Principal Abram Lucabaugh assured students at an assembly Thursday that the blog posts English teacher Natalie Munroe made did not reflect the attitude of the school's faculty.
"The sentiments are in no way representative of how we feel about our students or how the teachers and faculty feel about them," he said. "This is a representation from one individual."
Munroe's blog - especially her posting wishing she could leave report card comments that more accurately reflected her negative opinions of students - circulated this week among students at the Doylestown high school.
Administrators suspended her Wednesday, and they continue to investigate her writings and whether she used district time or equipment to craft them.
"My students are out of control," she said in one post dated Oct. 27, 2009. "They are rude, disengaged, lazy whiners."
Munroe, who has taught at the high school since 2006, could not be reached for comment Thursday. District officials said she did not deny writing the posts.
The Pennsylvania State Education Association also declined to comment on Munroe's case, saying the group might be called to intervene.
However, a spokesman pointed to the organization's website, which advises teachers to think carefully before sending any Web posting.
"Make sure you would gladly show it to the following people: Your mother. Your students. Your superintendent," the site says.
Munroe's blog, which was taken down Wednesday, reflected on her work at the school in between musings about television chefs, muffins, and her New Year's resolutions.

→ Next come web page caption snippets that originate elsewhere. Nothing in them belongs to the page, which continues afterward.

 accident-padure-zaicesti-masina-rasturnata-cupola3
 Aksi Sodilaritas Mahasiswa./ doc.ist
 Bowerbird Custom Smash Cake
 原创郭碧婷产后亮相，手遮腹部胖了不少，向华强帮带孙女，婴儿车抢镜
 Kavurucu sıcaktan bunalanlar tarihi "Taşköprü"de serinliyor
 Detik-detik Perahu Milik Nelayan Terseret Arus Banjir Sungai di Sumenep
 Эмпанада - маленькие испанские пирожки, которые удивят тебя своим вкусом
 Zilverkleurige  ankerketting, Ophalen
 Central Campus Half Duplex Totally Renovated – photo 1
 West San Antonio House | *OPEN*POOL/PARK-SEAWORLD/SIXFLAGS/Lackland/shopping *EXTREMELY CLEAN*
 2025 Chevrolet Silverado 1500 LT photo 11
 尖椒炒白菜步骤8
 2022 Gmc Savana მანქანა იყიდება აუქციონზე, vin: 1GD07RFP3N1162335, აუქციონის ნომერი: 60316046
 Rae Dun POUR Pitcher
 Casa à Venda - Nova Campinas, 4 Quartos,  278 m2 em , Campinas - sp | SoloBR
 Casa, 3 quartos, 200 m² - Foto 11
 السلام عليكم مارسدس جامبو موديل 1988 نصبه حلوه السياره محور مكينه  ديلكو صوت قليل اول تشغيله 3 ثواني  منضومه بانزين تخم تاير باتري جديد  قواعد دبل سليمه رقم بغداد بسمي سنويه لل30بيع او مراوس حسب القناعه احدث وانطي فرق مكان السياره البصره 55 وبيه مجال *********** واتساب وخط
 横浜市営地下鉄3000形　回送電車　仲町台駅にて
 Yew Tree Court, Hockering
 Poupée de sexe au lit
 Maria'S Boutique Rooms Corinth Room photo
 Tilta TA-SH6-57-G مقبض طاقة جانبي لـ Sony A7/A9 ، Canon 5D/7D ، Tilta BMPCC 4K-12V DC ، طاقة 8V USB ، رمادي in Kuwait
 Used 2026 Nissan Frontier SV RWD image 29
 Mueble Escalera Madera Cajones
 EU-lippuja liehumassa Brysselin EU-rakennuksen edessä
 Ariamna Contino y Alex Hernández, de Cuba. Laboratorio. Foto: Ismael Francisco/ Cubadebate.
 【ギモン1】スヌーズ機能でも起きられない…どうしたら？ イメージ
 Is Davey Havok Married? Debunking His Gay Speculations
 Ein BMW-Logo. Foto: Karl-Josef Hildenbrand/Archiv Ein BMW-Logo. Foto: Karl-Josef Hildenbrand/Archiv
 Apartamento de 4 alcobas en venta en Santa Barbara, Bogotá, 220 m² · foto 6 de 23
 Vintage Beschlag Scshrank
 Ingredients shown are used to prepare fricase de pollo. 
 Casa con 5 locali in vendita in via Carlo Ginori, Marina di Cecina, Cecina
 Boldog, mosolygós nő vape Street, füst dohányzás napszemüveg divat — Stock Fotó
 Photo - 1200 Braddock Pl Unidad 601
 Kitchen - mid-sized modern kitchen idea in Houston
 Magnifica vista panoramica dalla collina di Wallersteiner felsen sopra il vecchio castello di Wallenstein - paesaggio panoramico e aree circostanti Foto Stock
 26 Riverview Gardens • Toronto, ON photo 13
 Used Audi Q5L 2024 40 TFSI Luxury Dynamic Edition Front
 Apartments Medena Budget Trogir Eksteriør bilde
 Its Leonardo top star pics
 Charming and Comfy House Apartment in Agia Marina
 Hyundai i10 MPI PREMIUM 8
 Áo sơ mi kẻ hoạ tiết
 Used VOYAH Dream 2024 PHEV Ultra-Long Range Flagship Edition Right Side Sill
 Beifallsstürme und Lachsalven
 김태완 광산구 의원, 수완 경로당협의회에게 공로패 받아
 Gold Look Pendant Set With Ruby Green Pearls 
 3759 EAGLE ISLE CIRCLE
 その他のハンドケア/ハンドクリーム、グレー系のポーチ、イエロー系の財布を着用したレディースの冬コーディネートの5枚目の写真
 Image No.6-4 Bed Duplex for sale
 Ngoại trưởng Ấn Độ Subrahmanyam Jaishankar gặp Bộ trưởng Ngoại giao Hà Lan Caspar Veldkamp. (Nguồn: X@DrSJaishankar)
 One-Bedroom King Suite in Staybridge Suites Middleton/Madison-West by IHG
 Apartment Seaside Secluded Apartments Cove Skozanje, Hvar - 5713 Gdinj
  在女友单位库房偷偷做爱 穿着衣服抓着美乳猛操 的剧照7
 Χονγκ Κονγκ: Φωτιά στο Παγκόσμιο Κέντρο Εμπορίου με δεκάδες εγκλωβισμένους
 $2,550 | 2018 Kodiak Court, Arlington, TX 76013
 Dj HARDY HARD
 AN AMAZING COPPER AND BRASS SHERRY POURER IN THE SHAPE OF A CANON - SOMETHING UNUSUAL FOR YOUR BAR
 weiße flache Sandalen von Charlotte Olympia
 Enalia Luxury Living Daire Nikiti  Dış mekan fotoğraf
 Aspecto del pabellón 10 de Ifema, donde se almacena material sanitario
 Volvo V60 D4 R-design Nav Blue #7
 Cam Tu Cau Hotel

Although she frequently criticized students in general, she never mentioned any specific teenager in any of the posts reviewed by The Inquirer.
Lucabaugh, however, described the tenor of her comments as unacceptable and possible grounds for firing.
In one sketch posted on the blog, an image of a bus tagged "Short Bus" appears under the slogan, "I don't care if you lick windows, take the special bus or occasionally pee on yourself, you hang in there Sunshine, you're . . . special."
The post that drew the most attention was a Jan. 21, 2010, screed in which Munroe said she felt limited by the "canned" responses available to comment on student report cards. Saying that for some kids her "scornful feelings reach such a fever pitch," she wished for alternatives such as "dresses like a streetwalker," "shy isn't cute in 11th grade; it's annoying," and "just as bad as his sibling. Don't you know how to raise kids?"
Administrators learned of the blog earlier this week as students discovered it and quickly began passing it around. One even created a Facebook group under the title "Join if you've ever felt personally victimized by Natalie Munroe."
While the Central Bucks School District does not have any written policy on personal Internet postings, it advises new teachers about acceptable Internet use and how to clean up their personal Facebook and social-networking accounts, Lucabaugh said.
Munroe's case is only the latest to bring into question how far employees can be held accountable for their online presence.
Monday, a Connecticut ambulance company settled a complaint brought by the National Labor Relations Board over the firing of a former employee who criticized her boss on her Facebook page.
The filing was the first by the board to assert that companies may be violating the law by disciplining workers who post criticisms on social-networking sites.
In Montgomery County, the Academy of Notre Dame de Namur, an all-girls private school in Villanova, dismissed English teacher Elizabeth Collins in April for, among other incidents, posting critically about a student's in-class presentation on her personal blog.
Munroe's case stands out, though, Central Bucks administrators said, because in at least one post she seems to admit to writing during school hours.
"Teachers and educators are held to a high standard," Lucabaugh said.